### Problem
The exercise asks you to copy every line below in which "gray" appears.

(Stored data entries)

···

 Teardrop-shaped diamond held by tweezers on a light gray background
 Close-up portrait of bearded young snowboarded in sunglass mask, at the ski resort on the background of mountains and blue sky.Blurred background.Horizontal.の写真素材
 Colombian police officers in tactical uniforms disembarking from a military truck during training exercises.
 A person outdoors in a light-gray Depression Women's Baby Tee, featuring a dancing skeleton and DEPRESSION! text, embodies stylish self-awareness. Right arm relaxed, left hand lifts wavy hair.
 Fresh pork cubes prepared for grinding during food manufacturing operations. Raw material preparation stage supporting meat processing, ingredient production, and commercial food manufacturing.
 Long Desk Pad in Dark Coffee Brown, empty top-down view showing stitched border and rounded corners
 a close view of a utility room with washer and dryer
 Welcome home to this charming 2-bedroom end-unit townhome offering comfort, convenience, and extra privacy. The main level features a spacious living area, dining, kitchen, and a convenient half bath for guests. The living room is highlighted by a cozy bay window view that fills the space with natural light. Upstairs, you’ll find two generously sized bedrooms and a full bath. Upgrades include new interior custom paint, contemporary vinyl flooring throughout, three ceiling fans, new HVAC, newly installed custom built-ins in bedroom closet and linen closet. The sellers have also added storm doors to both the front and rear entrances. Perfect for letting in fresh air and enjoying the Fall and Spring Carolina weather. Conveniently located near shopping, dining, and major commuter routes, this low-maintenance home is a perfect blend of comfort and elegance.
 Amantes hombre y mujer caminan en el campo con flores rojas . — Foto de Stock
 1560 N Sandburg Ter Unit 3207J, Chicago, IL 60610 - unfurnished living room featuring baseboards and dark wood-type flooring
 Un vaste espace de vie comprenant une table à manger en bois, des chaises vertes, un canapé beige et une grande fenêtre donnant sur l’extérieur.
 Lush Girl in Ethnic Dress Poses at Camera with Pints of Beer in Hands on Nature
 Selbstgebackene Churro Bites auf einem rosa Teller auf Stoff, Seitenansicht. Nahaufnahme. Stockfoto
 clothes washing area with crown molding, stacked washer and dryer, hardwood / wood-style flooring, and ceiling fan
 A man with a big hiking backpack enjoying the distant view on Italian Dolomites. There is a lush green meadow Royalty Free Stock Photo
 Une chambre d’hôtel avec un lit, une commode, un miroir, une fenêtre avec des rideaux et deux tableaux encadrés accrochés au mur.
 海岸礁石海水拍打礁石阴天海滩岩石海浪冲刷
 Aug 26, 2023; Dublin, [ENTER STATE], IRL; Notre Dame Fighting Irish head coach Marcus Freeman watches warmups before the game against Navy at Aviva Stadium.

···

### Output for this task
 Teardrop-shaped diamond held by tweezers on a light gray background
 A person outdoors in a light-gray Depression Women's Baby Tee, featuring a dancing skeleton and DEPRESSION! text, embodies stylish self-awareness. Right arm relaxed, left hand lifts wavy hair.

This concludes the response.